[Introduction de la cinquième partie]
- Type de publication : Article de collectif
- Collectif : Rituels de la vie publique et privée du Moyen Âge à nos jours
- Pages : 263 à 264
- Collection : POLEN - Pouvoirs, lettres, normes, n° 27
Les rites, ciments d’une collectivité humaine, supposent toutefois l’adhésion de l’individu au groupe, tout en la consolidant par son effectivité même. Les contestations, les transgressions, les dévoiements des rituels peuvent être l’expression d’une liberté ou du moins d’une individualité qui refuse de se plier à la loi commune. La codification du rituel peut ainsi être réinventée par un individu qui se la réapproprie. Toutefois, le rite est souvent en soi suffisamment plastique pour accueillir des variations qui permettent son évolution et donc sa pérennité, selon une logique d’intégration de l’individu dans le groupe.

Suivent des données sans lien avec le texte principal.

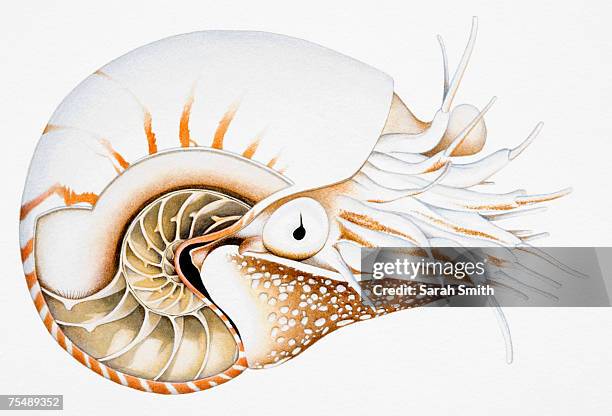 chambered nautilus (nautilus pompilius), side view - nautilus shell stock illustrations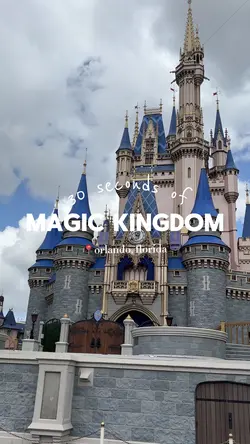 magic kingdom vlog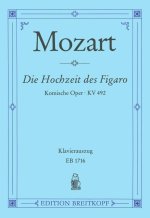 LE NOZZE DI FIGARO K 492 KV 492 SINGSTIM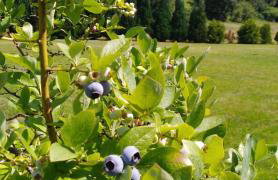 Mogielicki Zakątek - Photo 15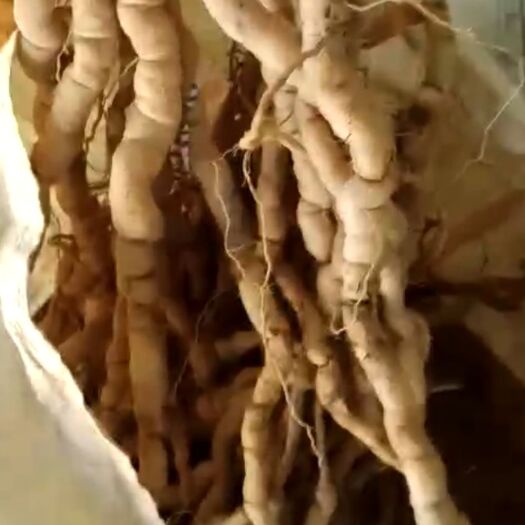 江门巴戟
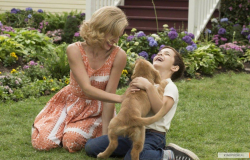 A Dog's Purpose photo from the set.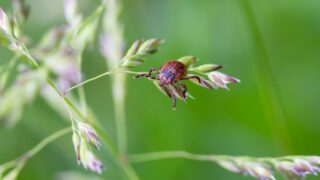 france-issues-new-lyme-disease-guidelines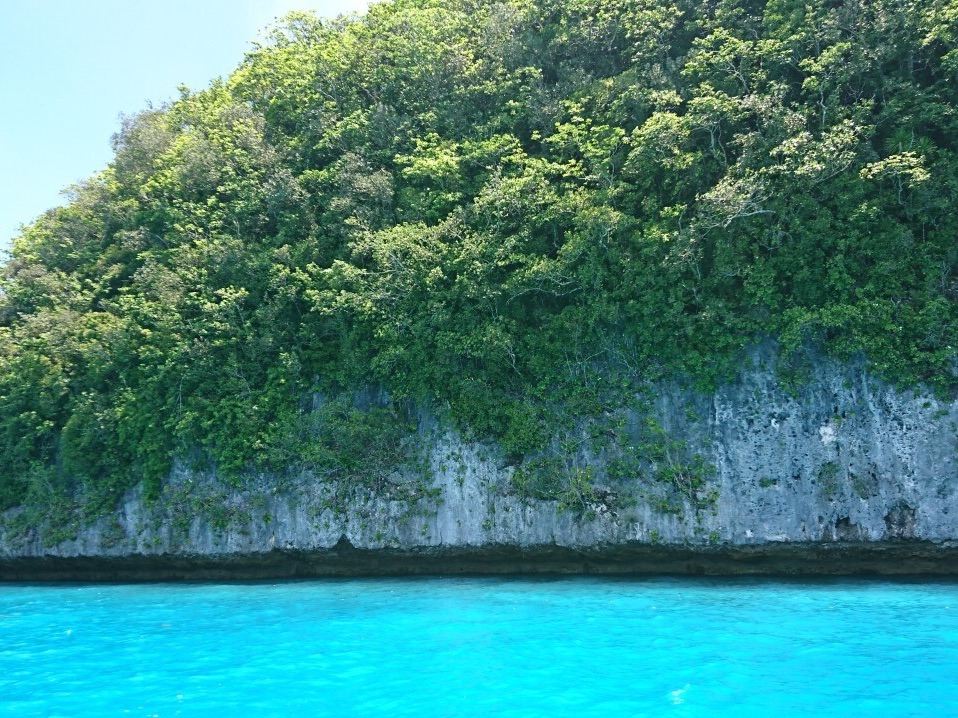 時差なしの楽園】パラオ🇵🇼 | Trip.com パラオ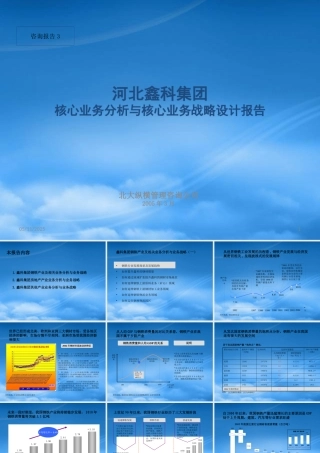某公司核心业务分析与核心业务战略设计报告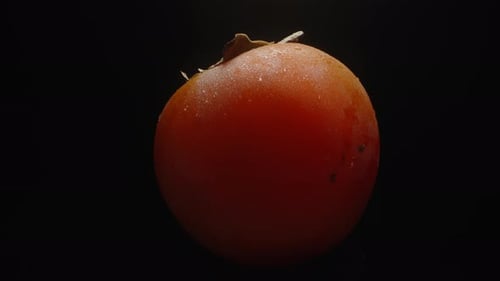 Persimmon covered with water droplets, rotating on a black background, close-up.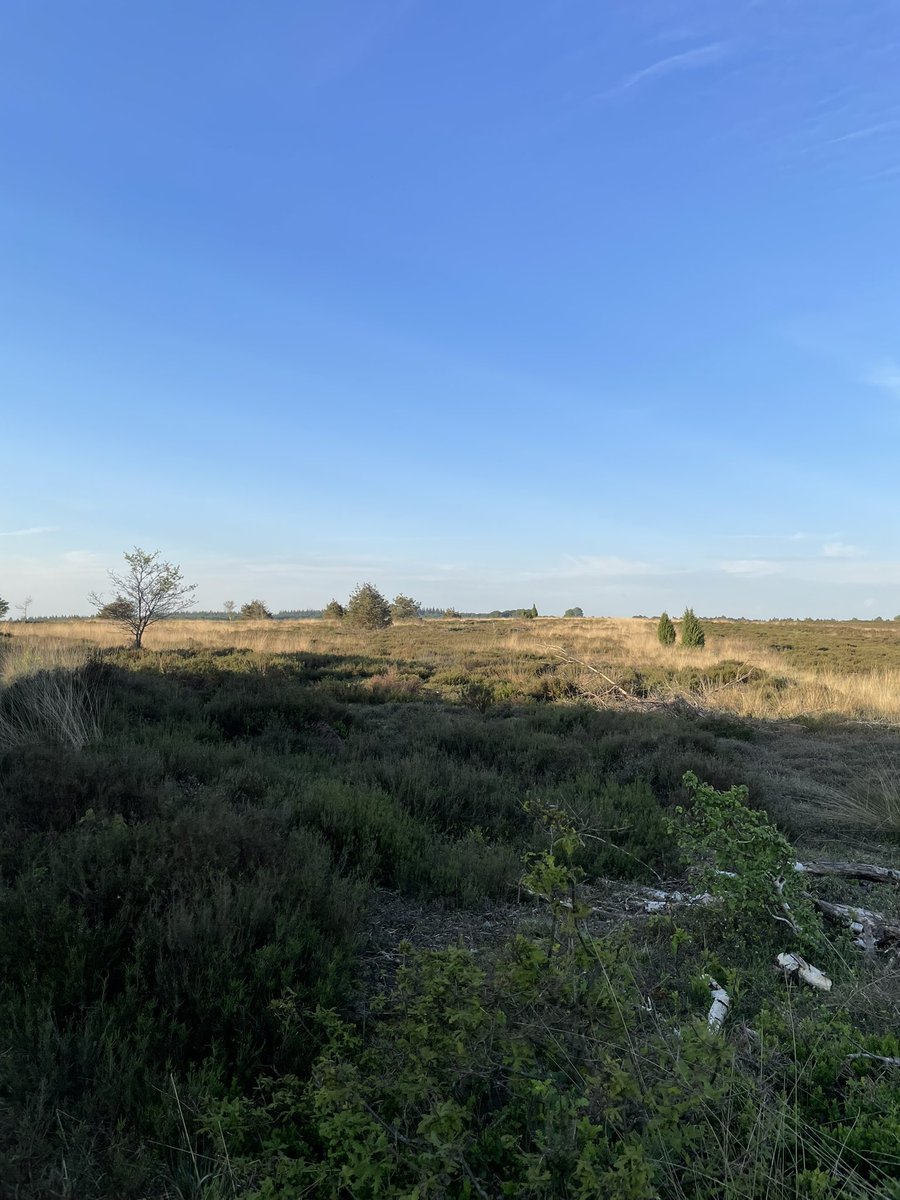 Mooie wandeling vanochtend vroeg op <a href="/NationaalParksh/">Sallandse Heuvelrug</a> met <a href="/staatsbosbeheer/">Staatsbosbeheer</a>. Veel vogels gezien en nog meer gehoord. Bijzonder om ook de balts van 7 verschillende korhoenderhanen te zien.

Initiatives individuelles et personnelles, les donations pieuses à des établissements religieux en Anjou et en Touraine aux xie et xiie siècles obéissent à des procédures strictes que Chantal Senséby étudie dans la première contribution : les rituels de la donation, selon leurs phases, impliquent oralité et écriture, gestes privés et publics, ces derniers se déroulant dans des espaces tantôt laïques, tantôt religieux ; ces rituels s’inscrivent dans un continuum qui confère à la donation son efficience et son irrémédiabilité.
À l’âge classique, ainsi que le montre Cécile Lignereux, les manuels d’art épistolaire ou secrétaires tentent de ritualiser l’expression des sentiments privés : si cette pratique s’oppose à notre idée moderne de la spontanéité affective, de tels échanges visent à la régulation pacifiée de la communication, selon l’idéal de l’honnête homme. Ainsi tout particulièrement de l’assurance du souvenir, protocole épistolaire, qui, loin d’être un carcan étouffant l’individu, lui fournit un canevas pragmatique où déployer son expressivité.
Valérie Jacob-Blanchemanche propose une lecture de La Table-aux-Crevés de Marcel Aymé dans une perspective ethnocritique : le roman raconte la manière dont une communauté villageoise tente de réguler les conséquences du suicide d’une paysanne, qui met en péril tant la structure du groupe que l’essence de chaque individu – de là le dérèglement des rites funéraires traditionnels, à l’image du destin précaire de la ruralité dans l’entre-deux guerres.
264Pour finir cette partie, Pascal Lardellier nous introduit au sein du GIGN où il a pu enquêter en partageant la vie de ce groupe d’élite de la Gendarmerie Nationale ; il nous livre ainsi, de l’intérieur comme acteur, mais avec l’extériorité de l’anthropologue, une description et une analyse des différents rituels mis en œuvre pour éprouver et constituer la solidarité de groupe de ses membres.